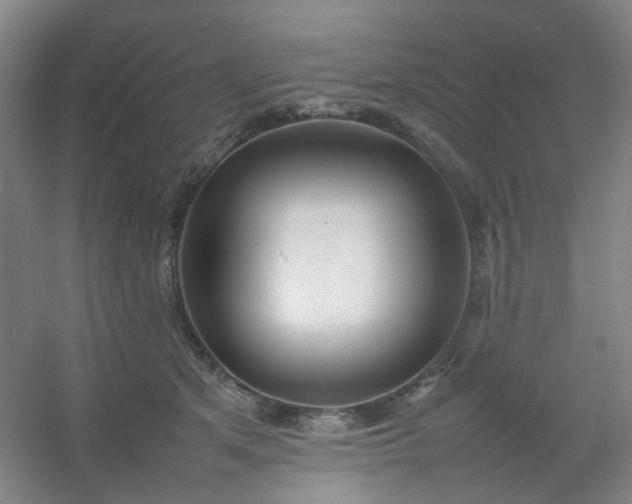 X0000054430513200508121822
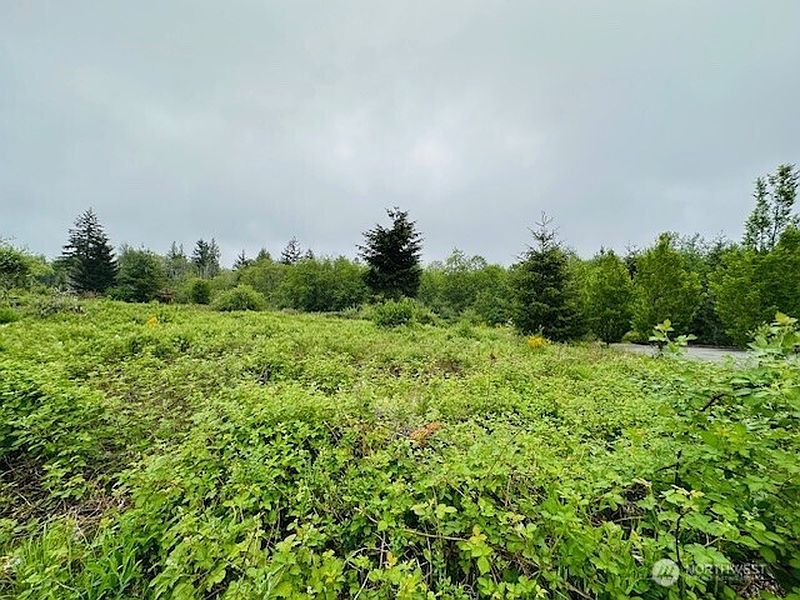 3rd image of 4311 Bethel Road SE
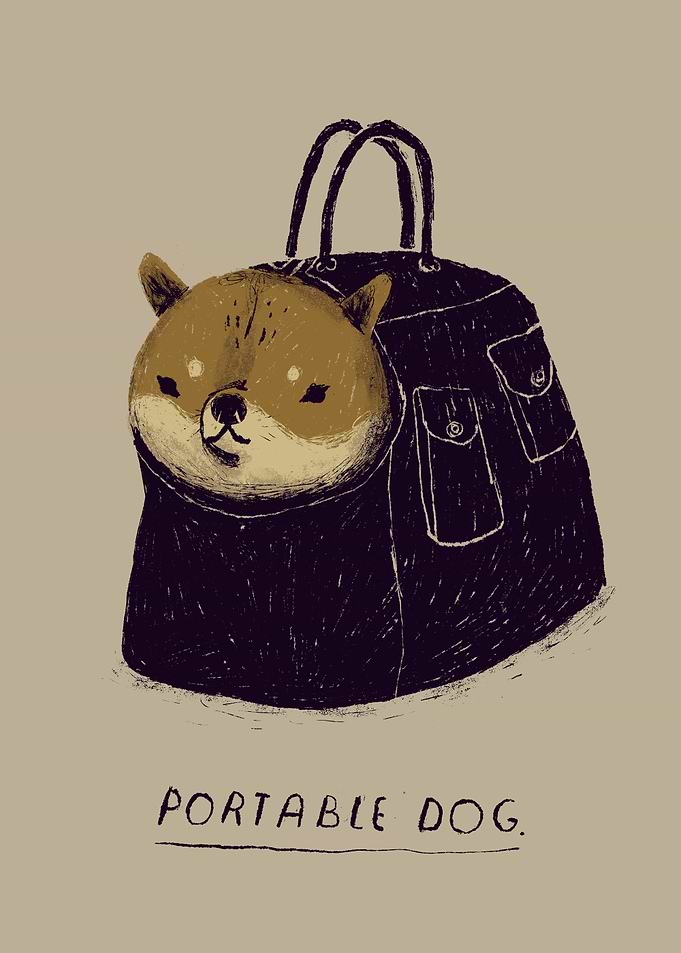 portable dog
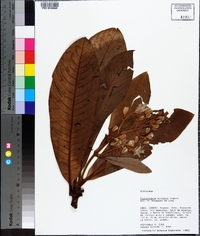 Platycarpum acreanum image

→ **EXERCISE GOAL**: Copy the data word for word, no pictures.

→ **RESULT OF THIS EXERCISE**:
 X0000054430513200508121822
 3rd image of 4311 Bethel Road SE
 portable dog
 Platycarpum acreanum image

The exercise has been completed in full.